MIT-onderzoekers hebben de eerste teststrookjes ontwikkeld die het zika-virus en de vier verschillende vormen van het denguevirus niet alleen detecteren, maar ook uit elkaar houden. Stel ze bloot aan een bloedmonster en binnen 20 minuten heb je je diagnose, schrijven Lee Gehrke en zijn groep in Science Translational Medicine.
Tot nu toe was het onderscheid heel lastig te maken tenzij je een lab bij de hand hebt waar je het virale RNA kunt sequencen. Dengue en Zika zijn nauw verwante flavivirussen en de paar virale eiwitten, die je gemakkelijk in het bloed terugvindt, lijken dusdanig op elkaar dat tot nu toe alle snelle Zika-tests ook op dengue blijken te reageren. Dat is vooral vervelend omdat beide virussen in dezelfde gebieden voorkomen en door dezelfde muggen worden verspreid, terwijl het wél belangrijk is het onderscheid te maken omdat alleen Zika serieus gevaar oplevert voor ongeboren baby’s.
De vier dengue-serotypes onderscheiden kunnen de huidige snelle tests trouwens ook niet. Dat onderscheid is minder urgent, maar wel nuttig omdat immuniteit tegen één van de vier niet beschermt tegen de andere drie.

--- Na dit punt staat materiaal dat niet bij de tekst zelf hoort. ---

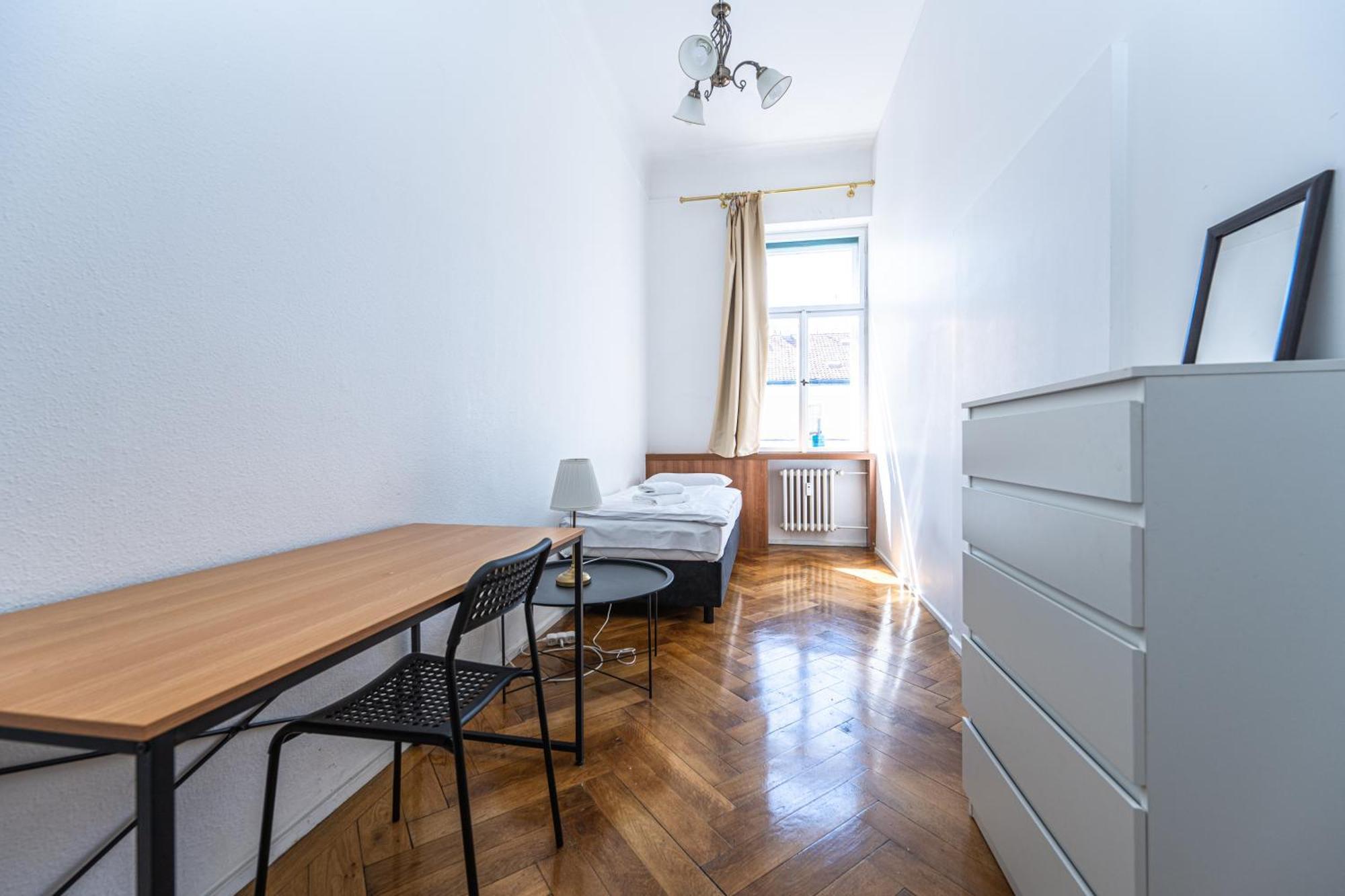 Apartments Safarikova 18 Прага Екстер'єр фото
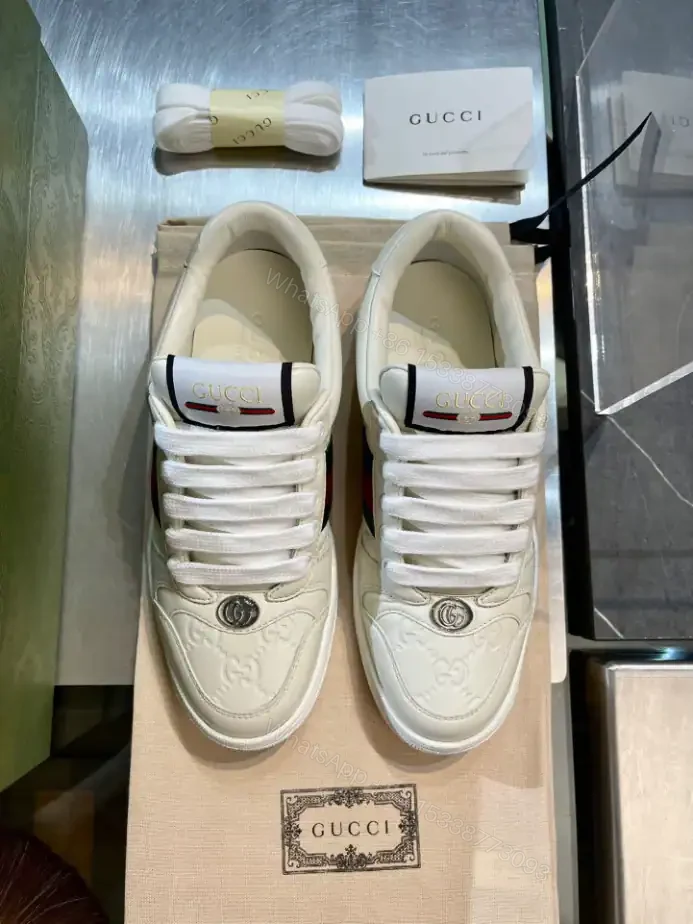 View 5 of MEN’S GUCCI SCREENER SNEAKER – GC255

Dat de nieuwe MIT-test het onderscheid wél maakt, was vooral een kwestie van heel goed zoeken. Het zogeheten NS1-eiwit, waarop de methode is gebaseerd, wordt door alle vijf de virussen aangemaakt. Er zitten echter subtiele verschillen in de aminozuurvolgorde. Antilichamen herkennen altijd maar een klein deel van zo’n eiwit. Dat deel wordt telkens tamelijk willekeurig uitgekozen en als je geluk hebt, is het net het unieke stuk.
De auteurs hebben dus muizen ingespoten met telkens één van de vijf NS1-eiwitten, en alle antilichamen geïsoleerd die vervolgen in hun bloed opdoken. Vervolgens probeerden ze die net zo lang uit op de overige vier NS1-eiwitten totdat ze voor elke variant antilichamen te pakken hadden die specifiek alleen dáár op reageren.
In de praktijk werkt hun test overigens niet met één antilichaam maar met twee verschillende, die elk aan een andere kant van NS1 hechten. Je ziet pas een signaal als ze allebei passen.
Teststrookjes maken met die antilichamen, en nanogouddeeltjes voor het kleurefffect, is vervolgens een routineklusje. De huidige strookjes detecteren virusconcentraties van minder dan 20 nanogram per milliliter bloed. Voorlopig heb je voor elk virus nog een apart strookje nodig, maar daar wordt aan gewerkt. De materiaalkosten liggen nu nog rond de $ 5 per strookje, maar zullen bij massaproductie ongetwijfeld dalen.